TASK ITEM: Write the listing out again word for word, excluding any pictures.

COLLECTED DATA:
━━━
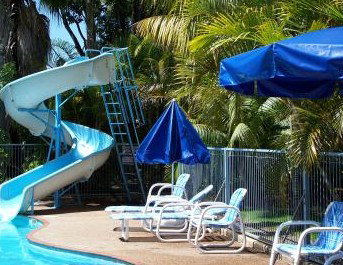 Melaleuca Caravan Park - Accommodation Fremantle 2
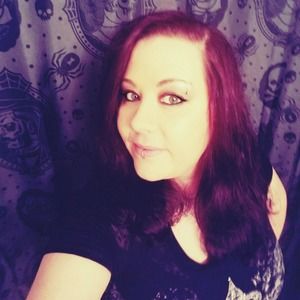 Meet your Posher, Jackie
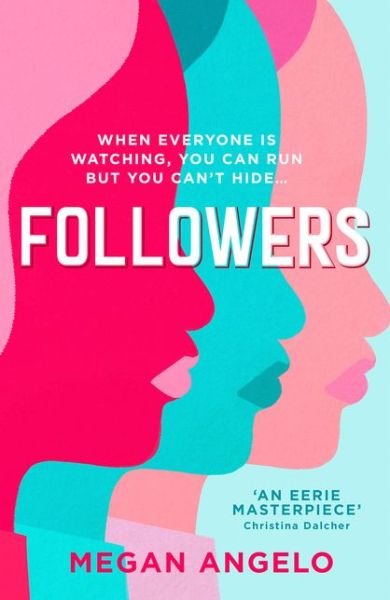 Cover for Megan Angelo · Followers (Paperback Book) (2020)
━━━
SOLUTION BELOW:
 Melaleuca Caravan Park - Accommodation Fremantle 2
 Meet your Posher, Jackie
 Cover for Megan Angelo · Followers (Paperback Book) (2020)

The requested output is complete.